## Input material
*** Block opens ***
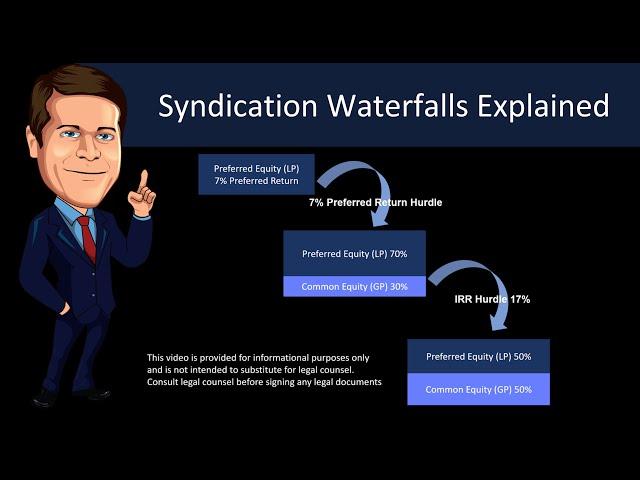 Understanding a Syndication Waterfall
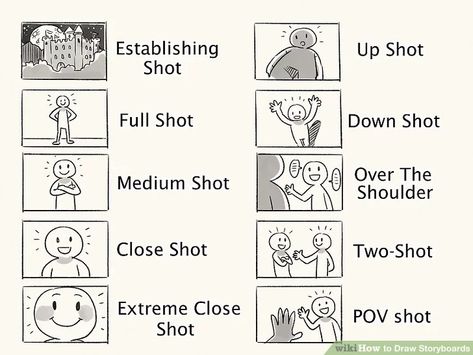 3 Ways to Draw Storyboards - wikiHow Camera Angles Drawing, Different Camera Angles, Angles Drawing, Camera Angles, Long Shot, Clear Vision, On Set, Photo Ideas, To Draw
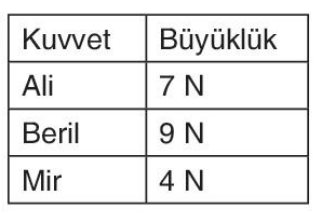 sik gorseli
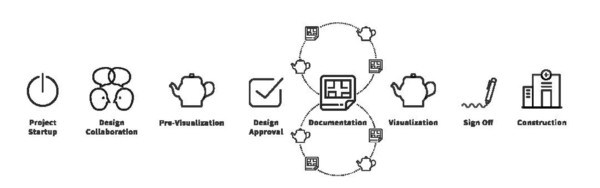 The “new” design process.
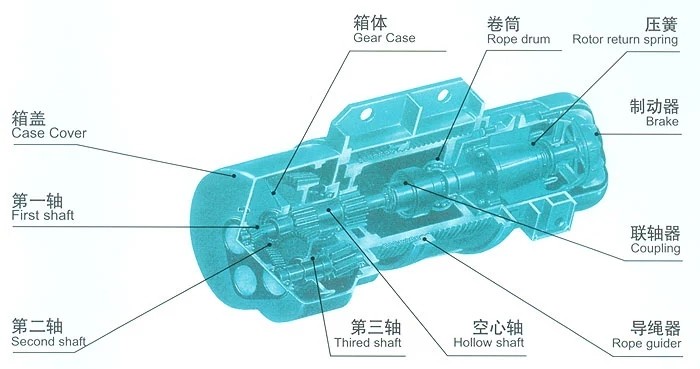 8m/min Gantry Spare Parts 60m Cable Elevator Lifting Hoist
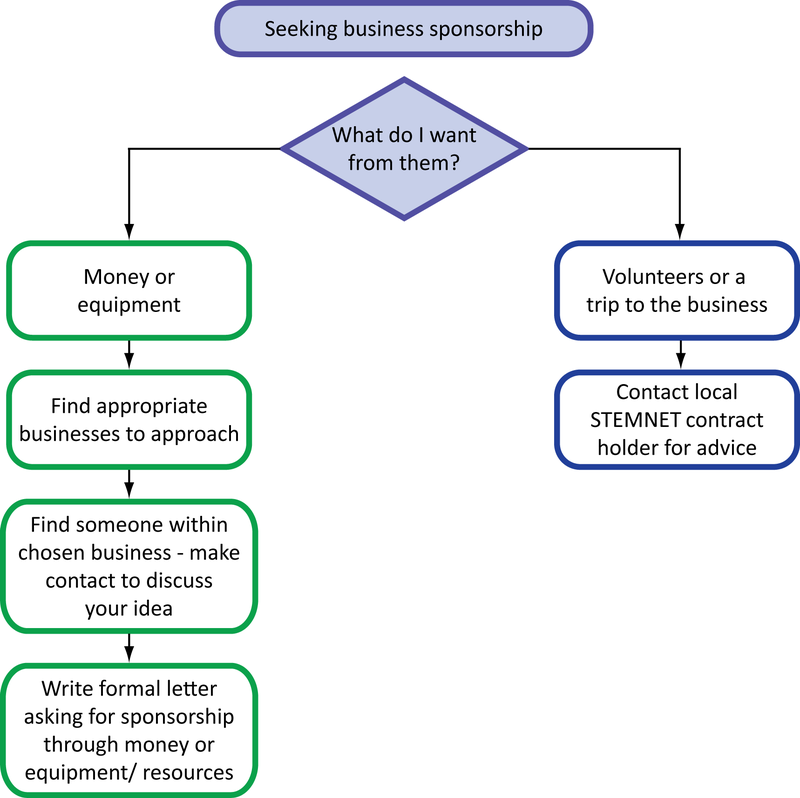 STEM Club business approach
*** Block closes ***
## Problem details
Could you reproduce exactly, and only, the lines from the one containing "sik gorseli" through the end of the records above, both included, while leaving out the pictures?

## Exercise answer
 sik gorseli
 The “new” design process.
 8m/min Gantry Spare Parts 60m Cable Elevator Lifting Hoist
 STEM Club business approach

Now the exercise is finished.